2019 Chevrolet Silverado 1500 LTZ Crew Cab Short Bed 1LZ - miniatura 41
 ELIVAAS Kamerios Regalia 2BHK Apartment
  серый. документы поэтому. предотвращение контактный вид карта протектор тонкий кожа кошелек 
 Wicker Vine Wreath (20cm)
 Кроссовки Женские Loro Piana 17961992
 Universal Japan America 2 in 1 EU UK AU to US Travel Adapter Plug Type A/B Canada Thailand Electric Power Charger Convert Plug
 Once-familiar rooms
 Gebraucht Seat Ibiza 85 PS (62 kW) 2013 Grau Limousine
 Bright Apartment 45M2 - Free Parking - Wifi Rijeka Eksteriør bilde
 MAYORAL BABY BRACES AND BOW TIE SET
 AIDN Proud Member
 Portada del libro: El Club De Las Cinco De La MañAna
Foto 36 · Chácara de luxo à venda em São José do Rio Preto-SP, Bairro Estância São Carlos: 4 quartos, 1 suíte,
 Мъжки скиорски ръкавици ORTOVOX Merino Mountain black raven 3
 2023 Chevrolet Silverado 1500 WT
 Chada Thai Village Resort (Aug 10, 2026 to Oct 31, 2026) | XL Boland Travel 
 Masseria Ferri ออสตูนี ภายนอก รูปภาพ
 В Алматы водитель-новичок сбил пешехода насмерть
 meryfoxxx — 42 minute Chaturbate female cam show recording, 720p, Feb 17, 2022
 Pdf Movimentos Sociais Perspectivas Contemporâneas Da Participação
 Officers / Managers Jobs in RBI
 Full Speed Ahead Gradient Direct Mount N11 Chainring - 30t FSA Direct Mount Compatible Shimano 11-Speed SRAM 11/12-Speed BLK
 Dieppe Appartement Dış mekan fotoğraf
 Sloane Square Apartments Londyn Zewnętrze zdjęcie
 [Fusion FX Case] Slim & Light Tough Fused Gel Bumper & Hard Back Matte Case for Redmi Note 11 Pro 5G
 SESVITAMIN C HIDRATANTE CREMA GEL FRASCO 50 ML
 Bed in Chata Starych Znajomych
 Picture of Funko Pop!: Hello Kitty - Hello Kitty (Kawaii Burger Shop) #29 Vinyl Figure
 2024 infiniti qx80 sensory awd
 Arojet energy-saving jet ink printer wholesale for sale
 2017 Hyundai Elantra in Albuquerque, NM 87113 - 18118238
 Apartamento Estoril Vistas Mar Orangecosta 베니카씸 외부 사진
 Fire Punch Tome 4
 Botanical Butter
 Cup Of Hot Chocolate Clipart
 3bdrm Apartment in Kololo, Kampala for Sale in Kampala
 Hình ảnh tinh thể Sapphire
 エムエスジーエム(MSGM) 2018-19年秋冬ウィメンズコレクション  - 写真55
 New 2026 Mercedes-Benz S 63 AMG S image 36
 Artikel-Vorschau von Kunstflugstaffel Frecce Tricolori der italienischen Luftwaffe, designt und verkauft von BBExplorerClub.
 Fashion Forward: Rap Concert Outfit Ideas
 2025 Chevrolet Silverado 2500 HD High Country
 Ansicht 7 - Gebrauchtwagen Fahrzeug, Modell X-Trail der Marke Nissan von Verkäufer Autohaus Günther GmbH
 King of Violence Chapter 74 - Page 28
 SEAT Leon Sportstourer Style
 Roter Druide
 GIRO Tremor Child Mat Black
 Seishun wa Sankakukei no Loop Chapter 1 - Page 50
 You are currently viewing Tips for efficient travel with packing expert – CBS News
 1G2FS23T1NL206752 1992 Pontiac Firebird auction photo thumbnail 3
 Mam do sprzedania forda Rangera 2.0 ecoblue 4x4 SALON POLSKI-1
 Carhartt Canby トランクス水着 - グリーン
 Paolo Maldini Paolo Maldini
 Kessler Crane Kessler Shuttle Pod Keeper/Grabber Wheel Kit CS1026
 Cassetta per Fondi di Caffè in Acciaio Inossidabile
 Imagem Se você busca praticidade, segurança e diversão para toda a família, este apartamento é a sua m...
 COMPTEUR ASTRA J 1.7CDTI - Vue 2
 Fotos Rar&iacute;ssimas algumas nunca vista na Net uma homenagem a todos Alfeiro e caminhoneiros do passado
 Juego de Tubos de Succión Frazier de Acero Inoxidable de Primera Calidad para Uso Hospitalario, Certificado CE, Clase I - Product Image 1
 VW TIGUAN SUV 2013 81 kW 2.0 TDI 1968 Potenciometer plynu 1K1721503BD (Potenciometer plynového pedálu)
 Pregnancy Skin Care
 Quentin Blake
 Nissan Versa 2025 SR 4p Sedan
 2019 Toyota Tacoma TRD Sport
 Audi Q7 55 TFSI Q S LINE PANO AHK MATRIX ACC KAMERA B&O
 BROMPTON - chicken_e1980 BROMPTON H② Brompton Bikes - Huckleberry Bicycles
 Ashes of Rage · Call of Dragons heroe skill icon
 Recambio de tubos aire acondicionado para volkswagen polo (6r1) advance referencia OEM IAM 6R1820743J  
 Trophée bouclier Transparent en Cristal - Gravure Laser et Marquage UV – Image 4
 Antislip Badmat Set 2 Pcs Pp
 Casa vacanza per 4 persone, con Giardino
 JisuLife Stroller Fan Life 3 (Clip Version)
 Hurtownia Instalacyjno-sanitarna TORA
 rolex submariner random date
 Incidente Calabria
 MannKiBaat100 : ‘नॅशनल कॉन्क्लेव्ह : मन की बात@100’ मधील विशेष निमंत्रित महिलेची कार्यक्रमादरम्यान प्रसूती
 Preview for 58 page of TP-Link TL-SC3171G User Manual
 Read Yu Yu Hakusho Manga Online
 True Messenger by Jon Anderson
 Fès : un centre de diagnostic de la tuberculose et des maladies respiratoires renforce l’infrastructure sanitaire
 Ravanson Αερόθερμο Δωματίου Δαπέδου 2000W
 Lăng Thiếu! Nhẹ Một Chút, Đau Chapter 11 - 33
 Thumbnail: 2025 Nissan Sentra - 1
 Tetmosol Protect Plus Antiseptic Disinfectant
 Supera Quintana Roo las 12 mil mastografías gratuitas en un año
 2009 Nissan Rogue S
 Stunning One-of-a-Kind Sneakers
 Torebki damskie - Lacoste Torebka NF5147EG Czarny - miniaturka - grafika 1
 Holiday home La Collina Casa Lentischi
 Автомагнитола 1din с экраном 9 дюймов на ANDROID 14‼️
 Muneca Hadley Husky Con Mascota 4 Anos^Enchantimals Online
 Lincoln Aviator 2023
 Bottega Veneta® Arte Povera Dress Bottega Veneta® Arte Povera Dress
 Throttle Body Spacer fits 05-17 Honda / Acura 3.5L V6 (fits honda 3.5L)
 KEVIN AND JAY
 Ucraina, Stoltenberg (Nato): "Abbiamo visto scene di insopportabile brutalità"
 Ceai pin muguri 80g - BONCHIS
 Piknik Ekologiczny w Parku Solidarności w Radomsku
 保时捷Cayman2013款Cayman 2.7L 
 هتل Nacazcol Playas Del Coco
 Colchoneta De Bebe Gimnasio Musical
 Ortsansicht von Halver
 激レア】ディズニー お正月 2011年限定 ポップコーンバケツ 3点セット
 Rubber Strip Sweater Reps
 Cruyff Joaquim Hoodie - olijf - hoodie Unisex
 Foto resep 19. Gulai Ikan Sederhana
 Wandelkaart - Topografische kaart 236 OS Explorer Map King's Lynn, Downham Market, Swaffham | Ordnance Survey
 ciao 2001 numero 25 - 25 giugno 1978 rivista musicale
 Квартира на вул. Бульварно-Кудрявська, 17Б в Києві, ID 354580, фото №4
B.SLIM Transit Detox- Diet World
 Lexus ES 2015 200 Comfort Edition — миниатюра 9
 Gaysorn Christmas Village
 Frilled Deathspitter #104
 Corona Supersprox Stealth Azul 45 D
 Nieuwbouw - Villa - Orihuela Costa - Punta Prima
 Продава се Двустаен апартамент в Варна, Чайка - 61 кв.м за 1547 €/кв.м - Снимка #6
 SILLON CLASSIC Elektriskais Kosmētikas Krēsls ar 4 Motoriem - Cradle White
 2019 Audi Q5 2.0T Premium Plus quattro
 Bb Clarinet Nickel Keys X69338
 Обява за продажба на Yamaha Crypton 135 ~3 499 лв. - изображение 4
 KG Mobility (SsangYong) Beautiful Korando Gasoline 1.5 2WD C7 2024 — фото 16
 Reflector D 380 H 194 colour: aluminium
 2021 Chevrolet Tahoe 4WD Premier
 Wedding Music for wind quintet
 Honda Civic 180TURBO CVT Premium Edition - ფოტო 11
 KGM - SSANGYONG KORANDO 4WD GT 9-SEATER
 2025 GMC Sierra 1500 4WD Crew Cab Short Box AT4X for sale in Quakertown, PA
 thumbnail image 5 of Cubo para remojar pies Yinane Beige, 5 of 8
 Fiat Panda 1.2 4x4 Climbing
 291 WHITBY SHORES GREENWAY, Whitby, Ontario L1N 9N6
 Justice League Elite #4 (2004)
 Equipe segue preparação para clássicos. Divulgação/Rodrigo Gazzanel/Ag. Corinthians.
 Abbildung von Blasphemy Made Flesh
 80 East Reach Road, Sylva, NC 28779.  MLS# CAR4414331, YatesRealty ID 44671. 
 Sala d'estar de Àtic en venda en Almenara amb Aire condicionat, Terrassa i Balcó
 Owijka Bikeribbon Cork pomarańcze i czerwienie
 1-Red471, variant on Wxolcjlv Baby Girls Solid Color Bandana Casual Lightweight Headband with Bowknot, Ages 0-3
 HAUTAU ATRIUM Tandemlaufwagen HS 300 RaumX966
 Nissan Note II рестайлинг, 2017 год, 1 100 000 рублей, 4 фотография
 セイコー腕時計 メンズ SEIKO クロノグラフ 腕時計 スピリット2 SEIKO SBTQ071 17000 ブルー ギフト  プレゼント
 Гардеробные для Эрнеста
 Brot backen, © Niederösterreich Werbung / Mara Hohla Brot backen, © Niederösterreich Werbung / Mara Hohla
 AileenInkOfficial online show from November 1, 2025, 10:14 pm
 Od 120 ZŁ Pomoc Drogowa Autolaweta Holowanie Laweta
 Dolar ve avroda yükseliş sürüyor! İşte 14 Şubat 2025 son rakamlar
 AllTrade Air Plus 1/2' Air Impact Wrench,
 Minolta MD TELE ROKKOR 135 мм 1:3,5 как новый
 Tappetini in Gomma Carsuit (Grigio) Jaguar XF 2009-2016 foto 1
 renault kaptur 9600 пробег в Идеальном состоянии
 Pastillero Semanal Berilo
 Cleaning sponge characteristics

****************************************

Restate word for word only the lines above from the line containing "Fire Punch Tome 4" to the line containing "Kessler Crane Kessler", both of them included.

 Fire Punch Tome 4
 Botanical Butter
 Cup Of Hot Chocolate Clipart
 3bdrm Apartment in Kololo, Kampala for Sale in Kampala
 Hình ảnh tinh thể Sapphire
 エムエスジーエム(MSGM) 2018-19年秋冬ウィメンズコレクション  - 写真55
 New 2026 Mercedes-Benz S 63 AMG S image 36
 Artikel-Vorschau von Kunstflugstaffel Frecce Tricolori der italienischen Luftwaffe, designt und verkauft von BBExplorerClub.
 Fashion Forward: Rap Concert Outfit Ideas
 2025 Chevrolet Silverado 2500 HD High Country
 Ansicht 7 - Gebrauchtwagen Fahrzeug, Modell X-Trail der Marke Nissan von Verkäufer Autohaus Günther GmbH
 King of Violence Chapter 74 - Page 28
 SEAT Leon Sportstourer Style
 Roter Druide
 GIRO Tremor Child Mat Black
 Seishun wa Sankakukei no Loop Chapter 1 - Page 50
 You are currently viewing Tips for efficient travel with packing expert – CBS News
 1G2FS23T1NL206752 1992 Pontiac Firebird auction photo thumbnail 3
 Mam do sprzedania forda Rangera 2.0 ecoblue 4x4 SALON POLSKI-1
 Carhartt Canby トランクス水着 - グリーン
 Paolo Maldini Paolo Maldini
 Kessler Crane Kessler Shuttle Pod Keeper/Grabber Wheel Kit CS1026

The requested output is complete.